My campaign quickly attracted celebrity support from Heather Mills-McCartney and her husband at that time Paul McCartney. Heather launched an on-line petition which soon gathered 250,000 signatures demanding an EU ban. This was one of hundreds of petitions cumulatively gathering more than one million signatures across Europe. Paul phoned the President of the European Commission pleading with him to introduce a ban. The McCartney’s were joined by Rick Wakeman, the keyboardist and musician formerly with the pop group Yes. Rick and Heather both came to Brussels to address press conferences in the European Parliament. Dennis Erdman (Director of ‘Sex in the City’) also travelled from California to Brussels to join the campaign. He persuaded several major Holywood celebrities, including Kim Cattrall and Jennifer Aniston, to write to the European Commissioner for Consumer Affairs, supporting a ban.

Despite mounting public support, the European Commission were still dragging their heels on the issue.  They feared that an EU ban would be challenged by the World Trade Organization (WTO), despite the fact that a ban on cat & dog fur from China had already been introduced in America and no case had been brought by the WTO. As the campaign gained momentum following the US ban, 5 EU countries unilaterally banned the trade – Italy, Denmark, France, Belgium, & Greece.

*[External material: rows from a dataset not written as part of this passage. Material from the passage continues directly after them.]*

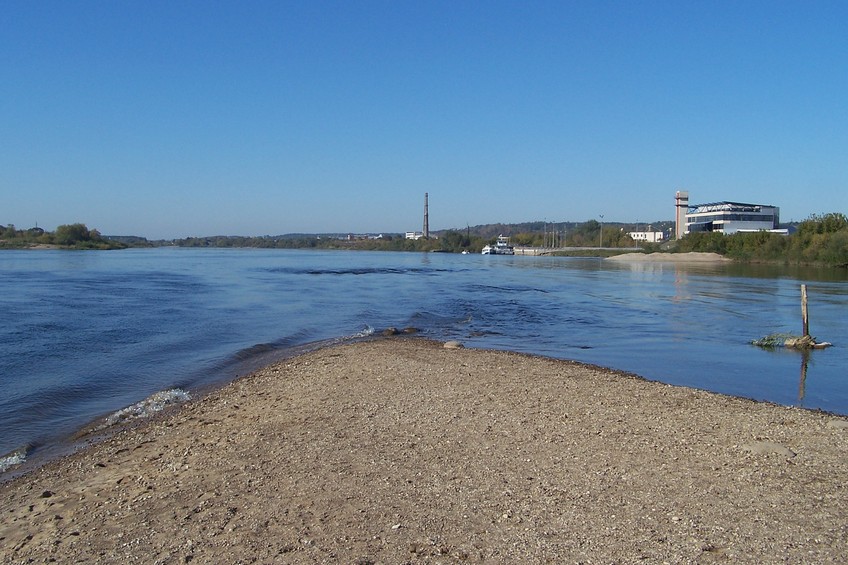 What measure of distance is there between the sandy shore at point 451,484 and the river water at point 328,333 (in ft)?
8.71

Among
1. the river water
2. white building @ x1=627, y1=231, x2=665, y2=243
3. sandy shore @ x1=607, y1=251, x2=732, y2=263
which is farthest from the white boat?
the river water

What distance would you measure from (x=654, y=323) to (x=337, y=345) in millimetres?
13043

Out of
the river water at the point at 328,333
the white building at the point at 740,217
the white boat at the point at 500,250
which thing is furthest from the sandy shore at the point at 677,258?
the river water at the point at 328,333

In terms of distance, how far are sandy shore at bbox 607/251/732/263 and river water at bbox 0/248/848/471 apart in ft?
176

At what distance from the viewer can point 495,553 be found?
199 inches

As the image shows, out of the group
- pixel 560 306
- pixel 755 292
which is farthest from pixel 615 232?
pixel 560 306

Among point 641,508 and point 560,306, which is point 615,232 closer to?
point 560,306

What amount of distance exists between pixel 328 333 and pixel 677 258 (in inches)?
3472

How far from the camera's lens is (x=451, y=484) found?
21.5ft

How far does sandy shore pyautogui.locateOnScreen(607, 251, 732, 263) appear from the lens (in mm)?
92619

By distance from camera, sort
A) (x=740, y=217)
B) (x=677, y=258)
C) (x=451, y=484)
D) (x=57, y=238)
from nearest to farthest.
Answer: (x=451, y=484) < (x=677, y=258) < (x=740, y=217) < (x=57, y=238)

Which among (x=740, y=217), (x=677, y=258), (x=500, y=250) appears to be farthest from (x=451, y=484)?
(x=500, y=250)

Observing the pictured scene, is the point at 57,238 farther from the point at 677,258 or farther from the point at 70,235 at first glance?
the point at 677,258

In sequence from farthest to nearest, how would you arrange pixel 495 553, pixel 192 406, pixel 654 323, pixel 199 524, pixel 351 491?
pixel 654 323 < pixel 192 406 < pixel 351 491 < pixel 199 524 < pixel 495 553
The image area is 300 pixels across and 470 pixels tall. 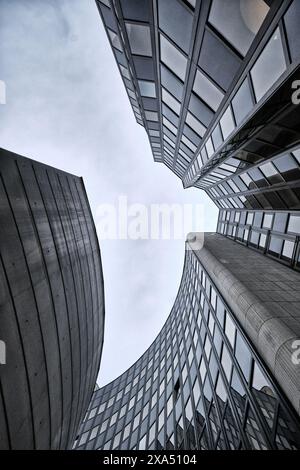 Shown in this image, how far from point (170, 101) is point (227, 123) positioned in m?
Answer: 5.43

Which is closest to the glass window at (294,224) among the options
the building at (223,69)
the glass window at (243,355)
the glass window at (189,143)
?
the building at (223,69)

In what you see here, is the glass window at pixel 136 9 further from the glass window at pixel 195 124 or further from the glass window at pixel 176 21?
the glass window at pixel 195 124

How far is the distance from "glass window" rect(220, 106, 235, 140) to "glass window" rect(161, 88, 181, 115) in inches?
155

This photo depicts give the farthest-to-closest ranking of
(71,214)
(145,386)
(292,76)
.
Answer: (145,386) → (71,214) → (292,76)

However, the Schengen Accord meant that countries where a unilateral ban had been introduced could not stop the movement of cat & dog fur across their borders. It was clear that only an EU-wide ban would be effective in sealing the external borders of Europe to the trade. But still the European Commission were reluctant to move.

I decided to confront the Chinese in person and travelled to Beijing where I met with Zhao Xuemin, Deputy Chairman of the State Forestry Administration, which controlled animal welfare in China. We were joined by five of the State Forestry Administration’s senior officials, including the Secretary General of the China Wildlife Conservation Association – Chen Runsheng. Far from threatening to challenge the EU in the WTO, these senior government officials agreed that they would welcome an EU ban and told me they regarded the trade as “barbaric”. Armed with this news I returned to Brussels and tabled a bill for an EU-wide ban before a full plenary session of the European Parliament in Strasbourg. The bill received the unprecedented unanimous backing of the parliament at First Reading and the European Commissioner for Consumer Affairs instructed his officials to draw up a draft Regulation proposing an EU-wide ban, finally bringing the nine-year campaign to a successful conclusion.

While the ban effectively saved over two million cats and dogs from a gruesome death, simply to supply a demand for their fur in Europe, there is evidence that the trade continues without interruption in China, where there is growing demand for cat and dog fur domestically and in countries like Russia. Hopefully the ground-breaking vote in South Korea to ban the butchering of dogs for their meat, may serve as a wake-up-call for animal lovers in China, who may see the sense in stopping the brutal suffering and death of companion animals for their meat or for their fur.